On Mon, May 07, 2018@03:55:58PM -0700, James Smart wrote:
> Rather than allow ioctl-based admin cmds to get intermixed on the admin
> queue with commands being used to initialize a controller or io commands
> to go to a controller in reconnect thus possibly hanging, reject them
> if the controller isn't in the LIVE state. Reject with an -EAGAIN status
> so that the app knows it could retry.

Shouldn't the nvmf_check_if_read() calls in the transport drivers'
->queue_rq() callouts handle this?

-- 
Johannes Thumshirn                                          Storage
jthumshirn at suse.de                                +49 911 74053 689
SUSE LINUX GmbH, Maxfeldstr. 5, 90409 N?rnberg
GF: Felix Imend?rffer, Jane Smithard, Graham Norton
HRB 21284 (AG N?rnberg)
Key fingerprint = EC38 9CAB C2C4 F25D 8600 D0D0 0393 969D 2D76 0850

^ permalink raw reply	[flat|nested] 14+ messages in thread

* [PATCH] nvme: block ioctls if controller not in a live state
  2018-05-07 22:55 [PATCH] nvme: block ioctls if controller not in a live state James Smart
  2018-05-08  7:15 ` Johannes Thumshirn
@ 2018-05-09  5:11 ` Christoph Hellwig
  2018-05-09 16:29   ` James Smart
  2018-05-14 15:23 ` Keith Busch
  2 siblings, 1 reply; 14+ messages in thread
From: Christoph Hellwig @ 2018-05-09  5:11 UTC (permalink / raw)


On Mon, May 07, 2018@03:55:58PM -0700, James Smart wrote:
> Rather than allow ioctl-based admin cmds to get intermixed on the admin
> queue with commands being used to initialize a controller or io commands
> to go to a controller in reconnect thus possibly hanging, reject them
> if the controller isn't in the LIVE state.
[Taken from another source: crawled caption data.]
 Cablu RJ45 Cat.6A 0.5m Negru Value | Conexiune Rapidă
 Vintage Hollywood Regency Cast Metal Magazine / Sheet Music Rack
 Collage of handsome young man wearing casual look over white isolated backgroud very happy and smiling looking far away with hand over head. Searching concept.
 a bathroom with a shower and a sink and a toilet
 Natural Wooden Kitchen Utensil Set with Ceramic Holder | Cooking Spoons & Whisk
Reject with an -EAGAIN status
> so that the app knows it could retry.

-EAGAIN implies that you can poll for the fd to be ready, so I think
this is the wrong error code here.

^ permalink raw reply	[flat|nested] 14+ messages in thread

* [PATCH] nvme: block ioctls if controller not in a live state
  2018-05-09  5:11 ` Christoph Hellwig
@ 2018-05-09 16:29   ` James Smart
  2018-05-14 14:17     ` Christoph Hellwig
  0 siblings, 1 reply; 14+ messages in thread
From: James Smart @ 2018-05-09 16:29 UTC (permalink / raw)
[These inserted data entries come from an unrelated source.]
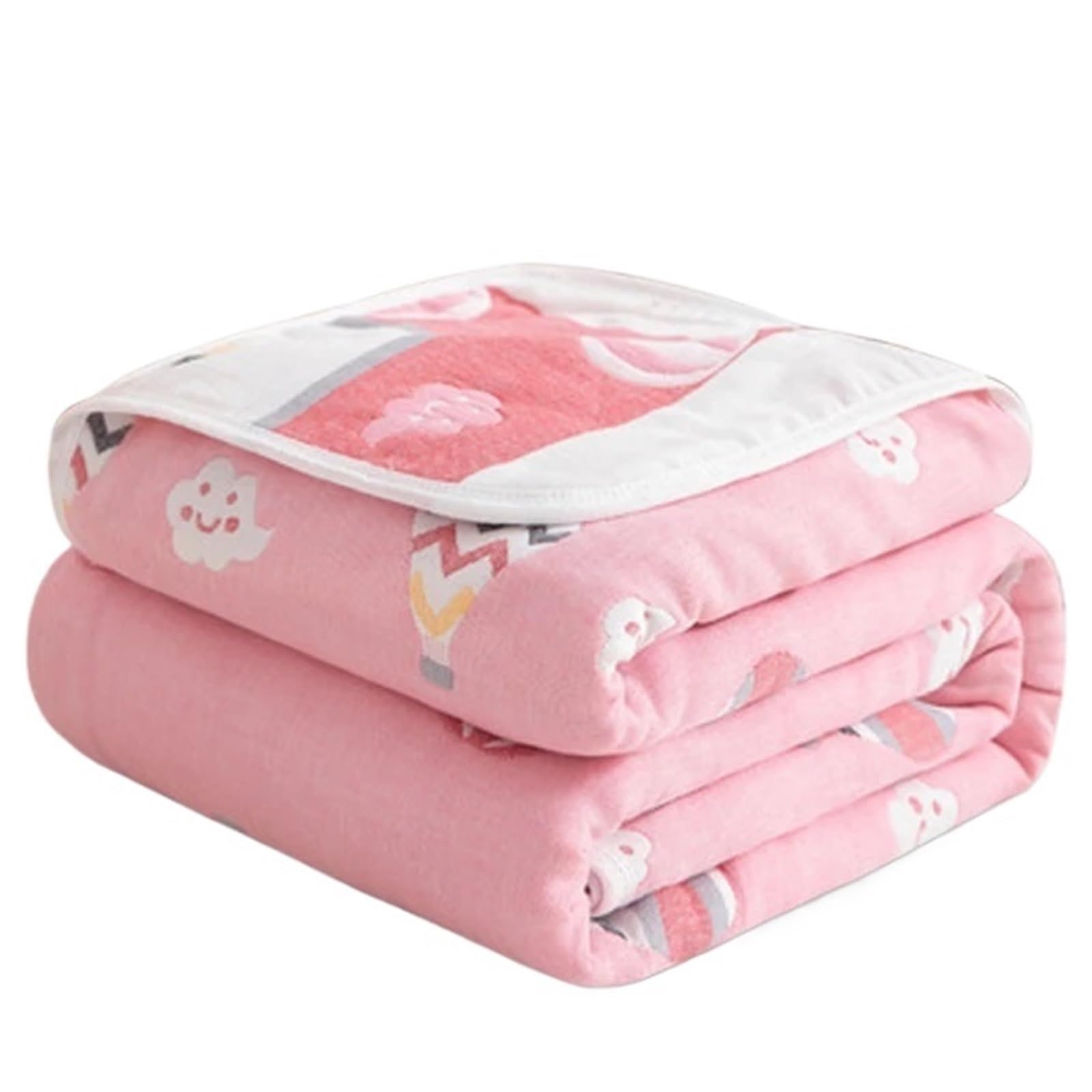 HKSDKABOP Muslin Throw Blanket, 6-Layer Cotton Chiffon, Multiple Sizes(Color8,180x200cm 1pc)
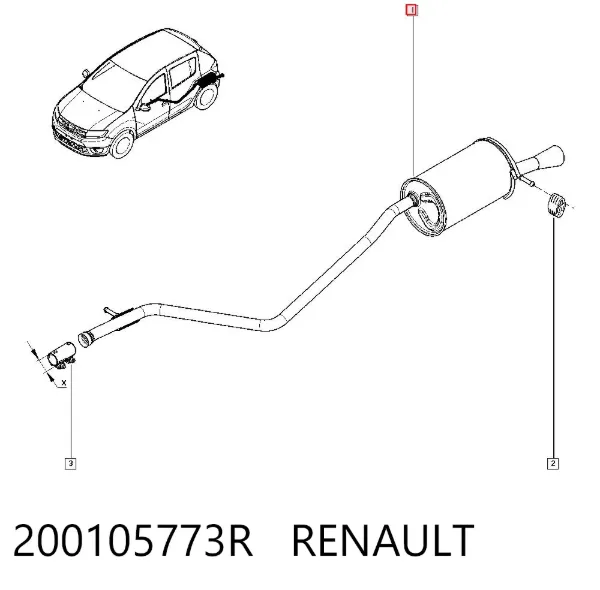 Глушник, задня частина 200105773R Renault (RVI)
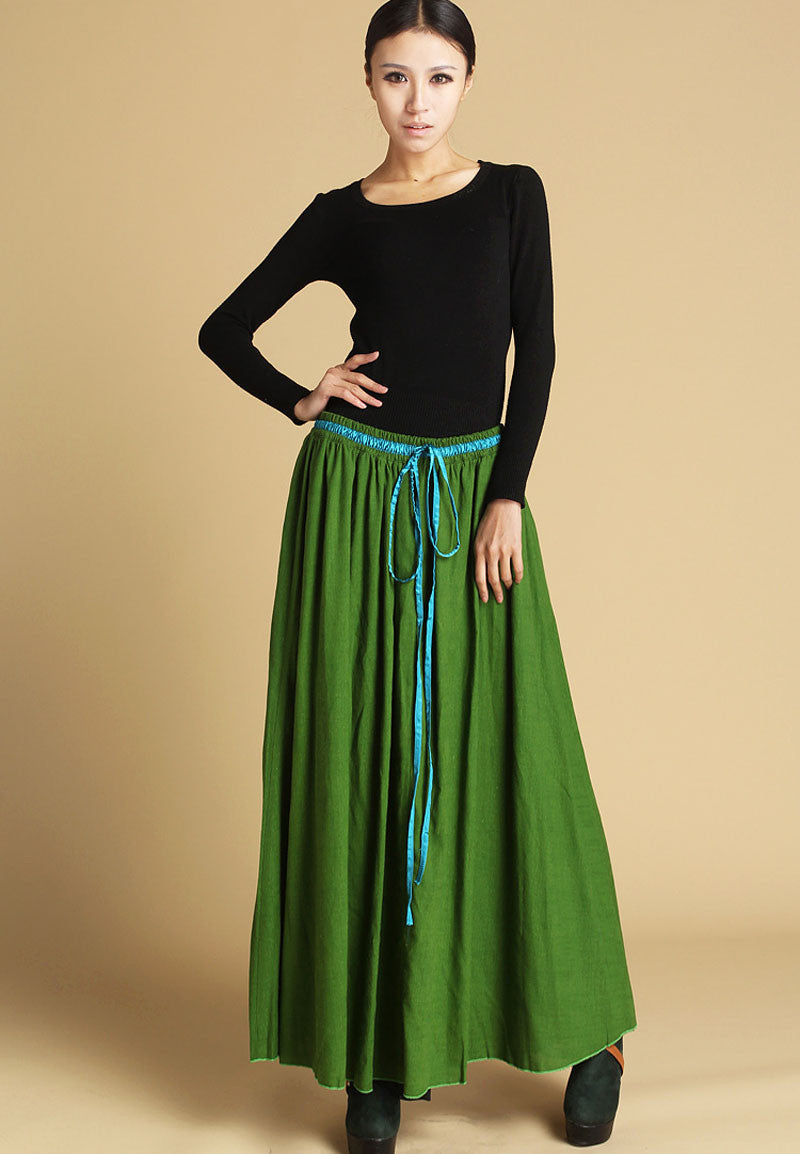 long green skirt - women skirts maxi linen skirt - Custom made 0464#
On 5/8/2018 10:11 PM, Christoph Hellwig wrote:
> On Mon, May 07, 2018@03:55:58PM -0700, James Smart wrote:
>> Rather than allow ioctl-based admin cmds to get intermixed on the admin
>> queue with commands being used to initialize a controller or io commands
>> to go to a controller in reconnect thus possibly hanging, reject them
>> if the controller isn't in the LIVE state. Reject with an -EAGAIN status
>> so that the app knows it could retry.
> -EAGAIN implies that you can poll for the fd to be ready, so I think
> this is the wrong error code here.

That is the exact intent.? I do want the app to trigger off -EAGAIN in 
those two states and try again after a delay./? Perhaps I should change 
from !LIVE to NEW || RESETTING || CONNECTING to be more explicit.? I 
assumed !LIVE was sufficient as the other states should transition to 
LIVE or the delete path is taken which would remove the fd all together.

-- james

^ permalink raw reply	[flat|nested] 14+ messages in thread

* [PATCH] nvme: block ioctls if controller not in a live state
  2018-05-08  7:15 ` Johannes Thumshirn
@ 2018-05-09 23:20   ` James Smart
  2018-05-11  5:13     ` Johannes Thumshirn
  0 siblings, 1 reply; 14+ messages in thread
From: James Smart @ 2018-05-09 23:20 UTC (permalink / raw)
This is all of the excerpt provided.